I’ve been recently talking to former colleagues about work.  We discuss code and perceived quality in code.  We tend to discuss the merits of good code and what it really looks like.  Each time I come back to the same place in my mind.  Good code is mainly about collective code ownership & having a shared understanding of what you are doing.  So how does one go about helping manifest this?

I think software development is a 80/20 game…  Depending on which you play it governs the impact on this collective code ownership and what some may deem as code quality.

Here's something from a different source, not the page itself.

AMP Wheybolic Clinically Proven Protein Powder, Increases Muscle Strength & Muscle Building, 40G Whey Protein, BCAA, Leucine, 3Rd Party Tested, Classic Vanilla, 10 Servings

If you work in the following manner 80% code and 20% communication – your code bases will all have a mish mash of styles, poor tests, good tests and really anything in between.  Certain code will be well understood by certain people, and other bits will be understood a lot less by other people.  Some people will open code bases and swoon at it’s clarity for them but others will open it up and want to instantly refactor it!

I’m more than convinced that working the other way 20% code and 80% communication gets a better shared code understanding.  Now I don’t mean that you all sit around in meetings and discuss what good code looks likes.  I suggest that you pair about 80% of your time, this is the communication piece that is lacking the other way around.  This conversation drives a shared understanding through your code bases.  It also helps ideas flow from mind to mind, while producing code to a certain degree.

Communication doesn’t just start or end with pairing, it starts by having the team be a team.  This is something to focus on above and beyond everything else initially.  Once you have this everything else will flow…  More on this in another post.